You finally arrive home after an 11-hour day of commuting, work, classes, and homework. Your dog shys away from you as you walk through your home, because he can barely remember who you are. You stumble into your living room, taking your shoes off as you walk, leaving them in the middle of the floor before collapsing onto the couch. Grabbing a remote, you try to push all the nagging thoughts about the work left to do out of your head. You turn on Netflix and see two movies that jump out at you. The first is a challenging, dark psychological drama that will make you question the way you value your relationships with the people closest to you. The second is about giant robots punching each other. Or maybe it’s about a wedding where people just can’t stop singing ‘70s pop songs. Or a guy you’ve seen in a dozen different movies making the same jokes he’s been making for 20 years. Whatever it is, you pick the second one. Because you don’t want a challenging film. You want to turn your brain off and have fun.
The divide we have created in our popular culture between “art” and “popular” entertainment is everywhere, and infiltrates our media decisions of all kinds. We reference “great films” even as we don’t watch them, and we make fun of the “popcorn movies” as we do. But does one really have more value than the other? Does mass media (that is to say, your blockbuster movies, your reality TV, and your pop music) really have any less to say?
While they’re very much commercial products designed to sell to the broadest audiences possible, why is it that we see that as a bad thing? Why is it that films that bring out more sombre emotions are seen as more worthy of praise than those that bring out positive ones? If anything, good popular media manages to juggle two complicated tasks at once, where “high art” may only focus on one.

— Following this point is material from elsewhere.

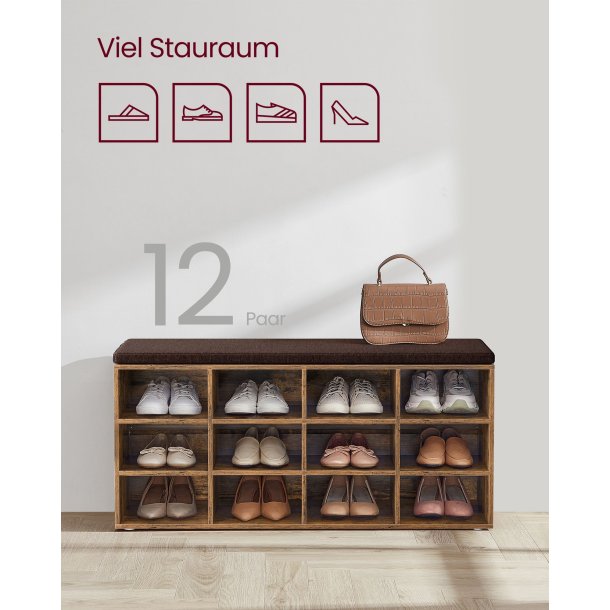 Skob�nk - siddeb�nk med skohylder - entreb�nk med skorum - rustik brun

The first is that, as mentioned earlier, sometimes a person needs a boost, needs to “shut off their brain.” To this end, popular entertainment has to be easy to consume, and that’s why we see so many clichés and conventions repeated over and over — if you already know where the story will likely go, you can relax and enjoy the ride. Creating this kind of entertainment isn’t easy, either! It takes a considerable talent to keep up a consistent tone and pacing, which is something that almost all the best examples of widely popular media excel at.
The second task that popular media handles is that, in most cases, it does hold up to intellectual criticism. Even the most “mindless” of movies, if you take the time to turn your mind on and watch it, are trying to say something, have nuance and depth beyond the surface, and can be analyzed and interpreted in different ways. That’s not to say they’re all masterpieces, by any means, but a good critical analysis of a seemingly simple text can be even more engaging than one about the kind of text you expect to see analyzed. Popular media hides its substance behind a lot of flash, and that makes it all the more interesting when you dig it out.
The classist idea that “high art” is better than mass media seems rooted in the notion that lower-income individuals are somehow less intelligent, less capable of enjoying complex stories and themes, and that doesn’t hold up in the real world at all. For sure, fans of “high art” may have created the standard for language used to discuss such topics, but if you apply those same tools to your favourite reality show, maybe you’ll find some interesting statements being put forward about humanity by the people seen on screen, and the ones behind the cameras.
Then when you’re tired of analyzing, you can turn your brain off and just have fun. And there’s value in that too.